:: Provided data ::

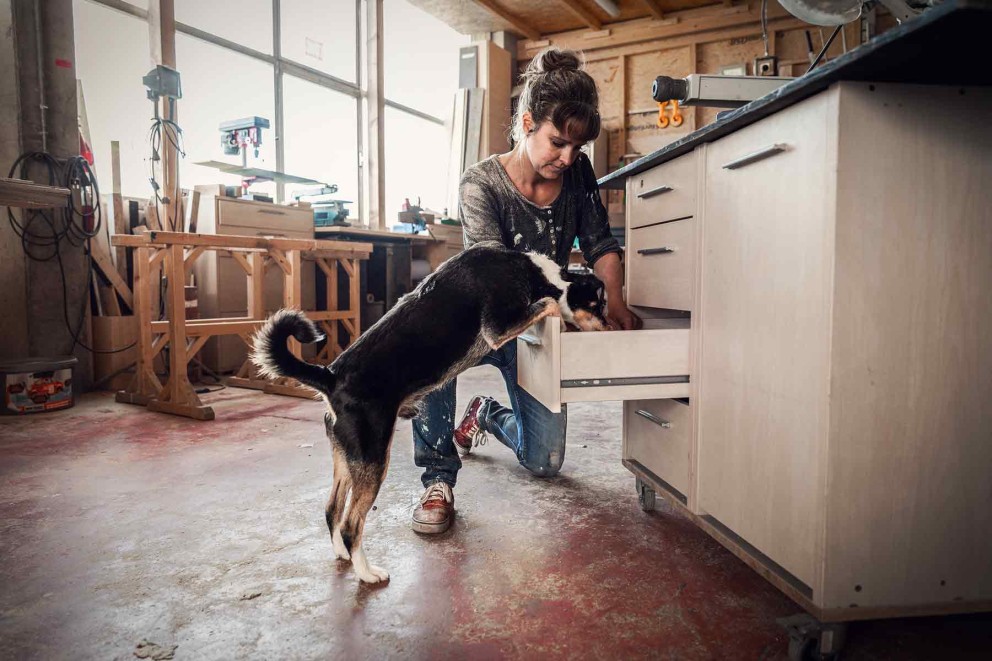 hund beschaeftigen hund beschaeftigen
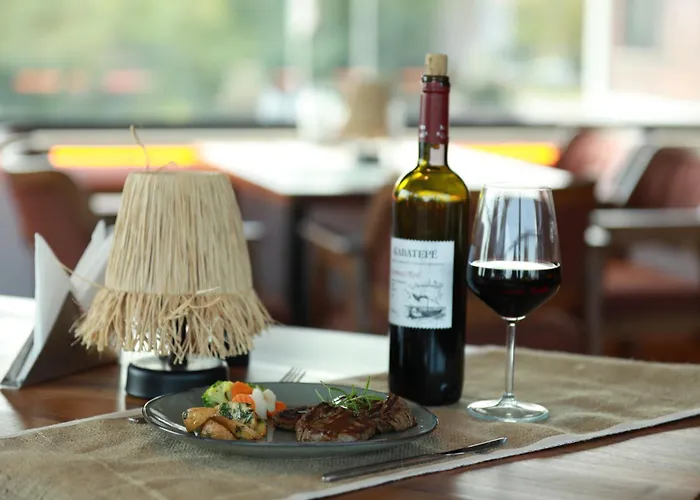 ホテル Milestone1915 ゲリボル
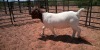 WITHDRAWN - 1X BOER GOAT DOE JH GOUWS BOERBOKSTOET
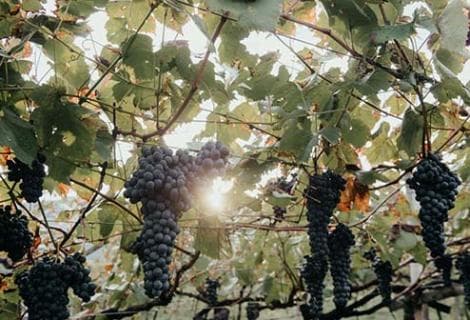 Elisabetta Foradori - 4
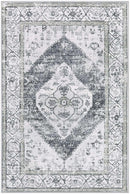 Lahome Boho Washable Rugs for Entryway - 2x3 Small Non-Slip Kitchen Rug Throw Lightweight Area Rugs for Bedroom Grey Print Oriental Distressed Bathroom Mat Floor Doormat Carpet for Laundry Living Room by TinyTreasures Baby Boutique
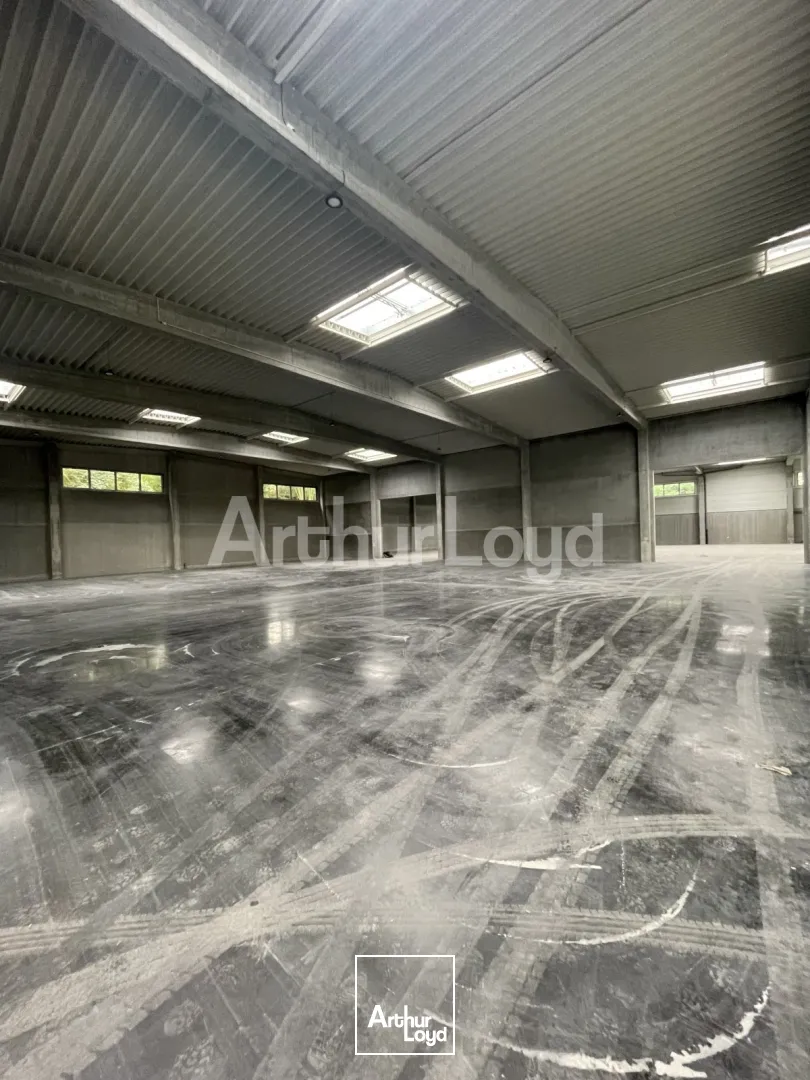 Locaux d'activité & Entrepôts - Location - SAINT ANDRE LEZ LILLE - 59350 - 888-3017 - 7719514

:::

Directions ::
Exactly as written, print each entry, leaving all pictures out.

Written response ::
 hund beschaeftigen hund beschaeftigen
 ホテル Milestone1915 ゲリボル
 WITHDRAWN - 1X BOER GOAT DOE JH GOUWS BOERBOKSTOET
 Elisabetta Foradori - 4
 Lahome Boho Washable Rugs for Entryway - 2x3 Small Non-Slip Kitchen Rug Throw Lightweight Area Rugs for Bedroom Grey Print Oriental Distressed Bathroom Mat Floor Doormat Carpet for Laundry Living Room by TinyTreasures Baby Boutique
 Locaux d'activité & Entrepôts - Location - SAINT ANDRE LEZ LILLE - 59350 - 888-3017 - 7719514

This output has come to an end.